Tomando el sol el otro día en un pueblo del interior de São Paulo, tuve que girar el móvil hacia un lado porque mi cara insistía en reflejarse en la indiscreta pantalla que no paraba de devolverme unas carrilleras algo sobresaltadas, y así no volver a darle vueltas al universal e ineludible dato, dichoso o desdichado, del paso del tiempo.
Cambié la disposición del aparato para que no le diera el sol, y por tanto no insistiera en mi figura o me sacara como soy de verdad.
Entonces me puse a pensar en los pájaros y las flores, que era la otra cosa que me sobraba en esas mañanas plácidas y burguesas que normalmente me tiro cuando voy al centro del estado de São Paulo.

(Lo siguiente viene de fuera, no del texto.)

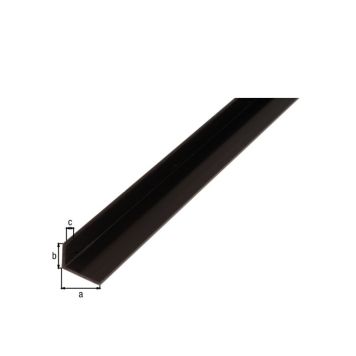 VINKELPROFIL PVC 2000X25X20MM SVART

En este lugar del mundo la naturaleza sigue su curso a pesar del cambio climático.
Por el aire juegan como niños pequeños saliendo del colegio y en corribandas aéreas, innumerables bandos de maritacas ruidosas.
Diría que llenan el espacio aéreo de verde y de travieso barullo.
Se diría una naturaleza efervescente.
En los muros de la amplia casa donde paso estos días, llena de árboles, plantas, flores y toda clase de vegetales imaginables, percibo entre las ranuras de los muros, pequeños vegetales que pujan por abrirse un hueco en lugares insospechados, inimaginables, de vértigo, increíbles.
Pujan por salir adelante y seguro que lo conseguirán, porque agua y sol tienen a todo meter.
Nunca vi una región en el mundo donde fuera tan fácil vivir. El interior de São Paulo, que no tiene ruido a no ser de algún camión lejano o de pájaros traviesos, es como un adolescente lleno de savia dulce, borracho de energía solar para continuar en la brecha a pesar de algún que otro malestar o dolorcillo de cabeza circunstancial.
En este lugar de la tierra es muy fácil dejarse vivir.